Considerando que o Estado brasileiro é signatário da Declaração de Durban aprovada em 2001 durante a Conferência Mundial Contra o Racismo, Discriminação Racial, Xenofobia e Intolerância Correlata, por meio da qual o Estado brasileiro reconhece que pessoas afrodescendentes “enfrentam barreiras como resultado de preconceitos e discriminações sociais predominantes em instituições públicas e privadas” expressando “compromisso em trabalhar pela erradicação de todas as formas de racismo, discriminação racial, xenofobia e intolerância correlata enfrentadas pelos africanos e afrodescendentes”; “enfatiza a importância de se combater a impunidade, inclusive por crimes por motivação racista ou xenófoba, também em âmbito internacional, observando-se que a impunidade pela violação dos direitos humanos e do direito internacional humanitário é um grave obstáculo para um sistema judiciário justo e equitativo e, finalmente, reconciliação e estabilidade; também plenamente apoia o trabalho de tribunais de crimes internacionais existentes e a ratificação do Estatuto de Roma da Corte Penal Internacional; e insta todos os Estados a cooperarem com estes tribunais penais internacionais”;

Considerando que o Brasil é signatário da Convenção Interamericana contra o Racismo, a Discriminação Racial e formas conexas de intolerância, que possui, entre os seus objetivos, a promoção de condições equitativas de igualdade de oportunidades e o combate à discriminação racial, em todas as suas manifestações individuais, estruturais e institucionais;

Considerando que a Assembleia Geral da ONU proclamou o período entre 2015 e 2024 como a Década Internacional de Afrodescendentes (resolução 68/237), estruturada no tripé “justiça, reconhecimento e desenvolvimento”, no bojo do qual sugere a adoção de medidas especiais, dentre elas, o respeito, proteção e cumprimento de todos os direitos humanos e liberdades das pessoas afrodescendentes

Vem a público repudiar o teor racista da sentença proferida nos autos nº 0017441- 07.2018.8.16.0013, em trâmite na 1ª Vara Criminal do Foro Central da Comarca da Região Metropolitana de Curitiba.

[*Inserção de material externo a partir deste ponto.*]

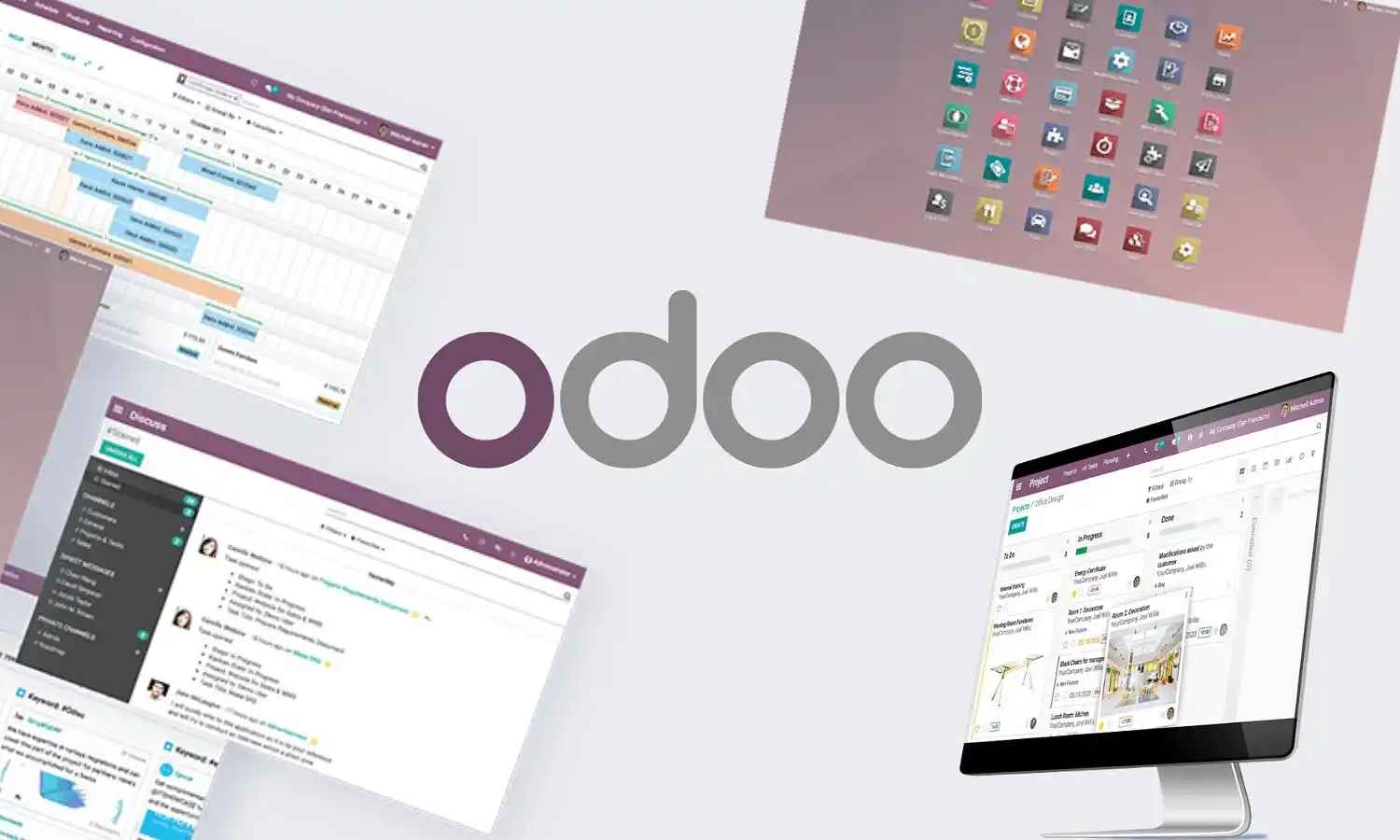 Odoo ERP Overview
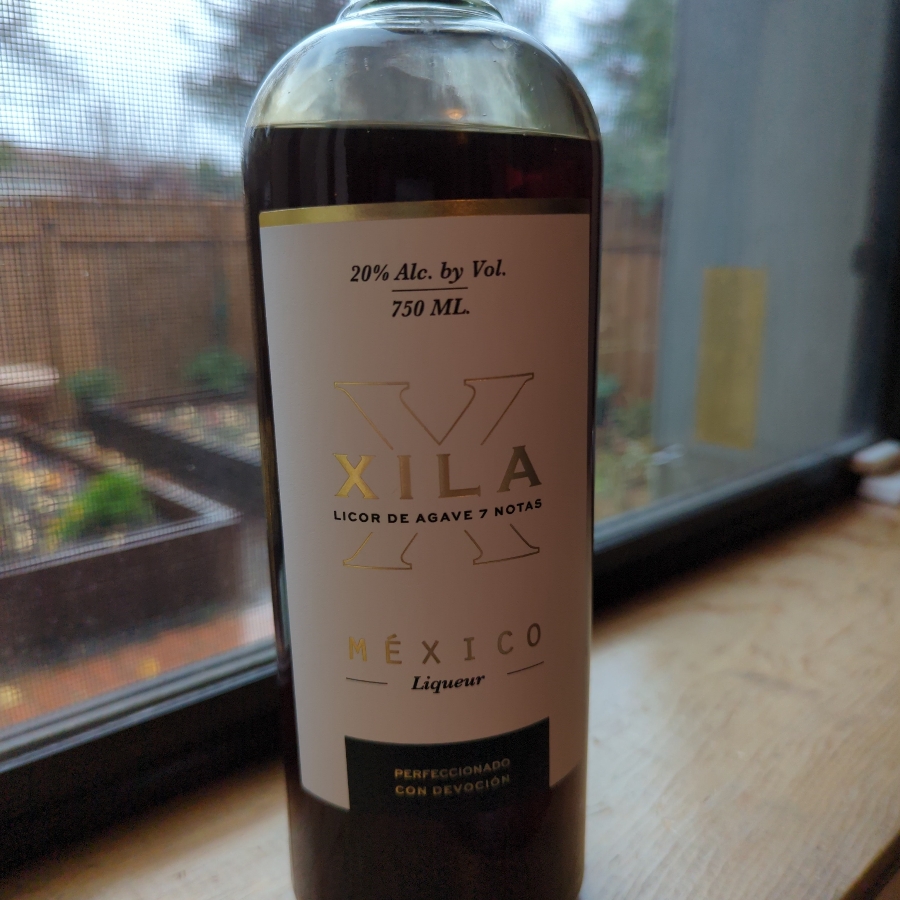 Xila Licor de Agave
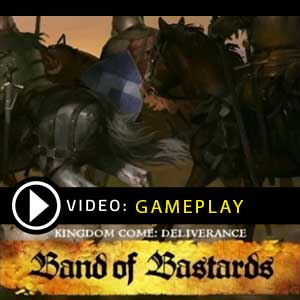 Comprar Kingdom Come Deliverance Band of Bastards CD Key Comparar Preços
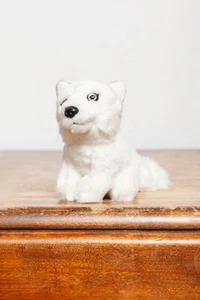 WWF Oko Mini Arctic Fox - Imagen 1 de 7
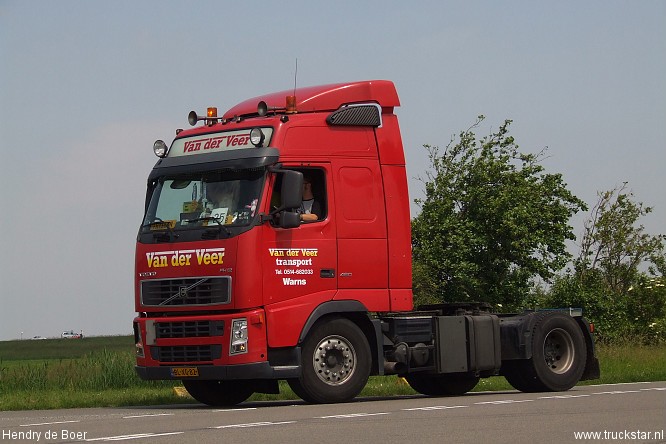 Trucktour Bolsward 2007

Na referida sentença, valora-se negativamente a conduta social de um dos réus aumentando a pena base em virtude de sua raça: “Sobre sua conduta social nada se sabe. Seguramente integrante do grupo criminoso, em razão da sua raça, agia de forma extremamente discreta os delitos e o seu comportamento, juntamente com os demais, causavam o desassossego e a desesperança da população, pelo que deve ser valorada negativamente.”

A população negra sofre historicamente violências de todas as espécies, de forma organizacional, sistemática e reiterada, de modo que não se pode tolerar racismo em nenhum espaço, muito menos dentro do sistema de justiça que exerce papel contramajoritário e busca garantir direitos, reduzir desigualdades e violências.

É dever garantir igualdade na justiça e nos sistemas de aplicação da lei, para promover e defender os direitos humanos da população afrodescendente, razão pela qual a ADEPAR pugna pela devida apuração dos fatos.